PROVIDED DATA
===
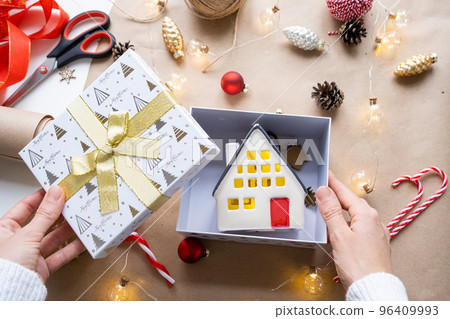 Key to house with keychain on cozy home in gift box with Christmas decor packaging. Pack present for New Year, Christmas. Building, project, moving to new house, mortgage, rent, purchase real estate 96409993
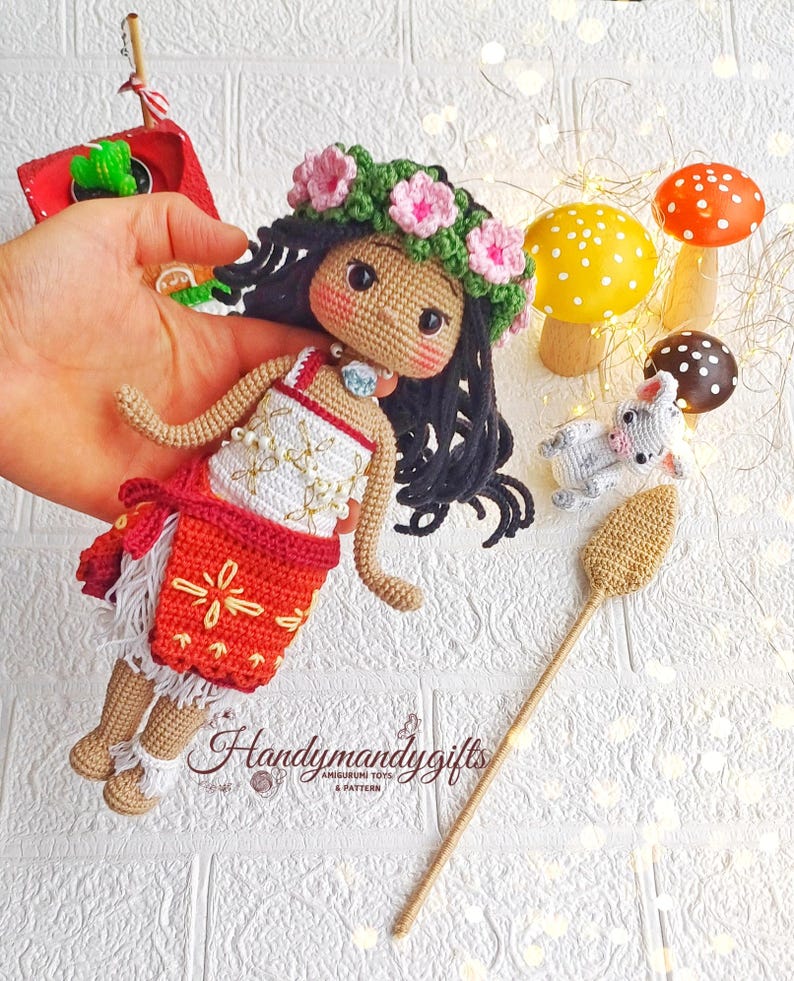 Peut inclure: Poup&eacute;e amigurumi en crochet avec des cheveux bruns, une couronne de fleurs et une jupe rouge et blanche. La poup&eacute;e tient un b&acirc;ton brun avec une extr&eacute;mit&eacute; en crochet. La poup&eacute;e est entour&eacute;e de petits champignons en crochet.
===
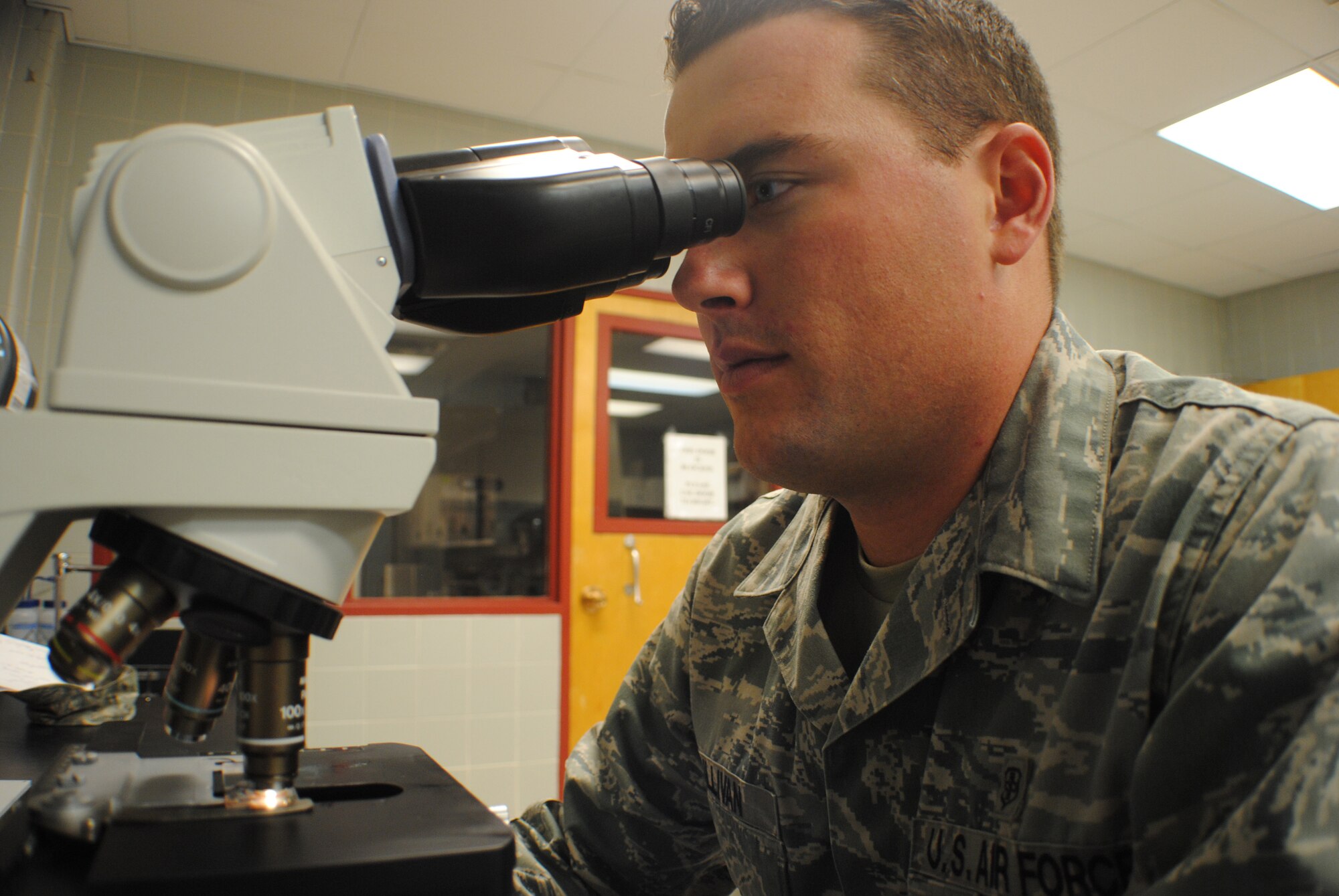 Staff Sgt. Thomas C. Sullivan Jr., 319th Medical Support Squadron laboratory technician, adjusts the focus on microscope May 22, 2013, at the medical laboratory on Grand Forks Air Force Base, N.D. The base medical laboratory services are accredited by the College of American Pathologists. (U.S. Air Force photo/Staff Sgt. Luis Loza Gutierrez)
===
REQUIREMENT
Word for word, restate the lines above from the one with "Key to house" through the one with "Peut inclure: Poup&eacute;e", keeping both ends and dropping the pictures.

THE COMPLETED TASK
 Key to house with keychain on cozy home in gift box with Christmas decor packaging. Pack present for New Year, Christmas. Building, project, moving to new house, mortgage, rent, purchase real estate 96409993
 Peut inclure: Poup&eacute;e amigurumi en crochet avec des cheveux bruns, une couronne de fleurs et une jupe rouge et blanche. La poup&eacute;e tient un b&acirc;ton brun avec une extr&eacute;mit&eacute; en crochet. La poup&eacute;e est entour&eacute;e de petits champignons en crochet.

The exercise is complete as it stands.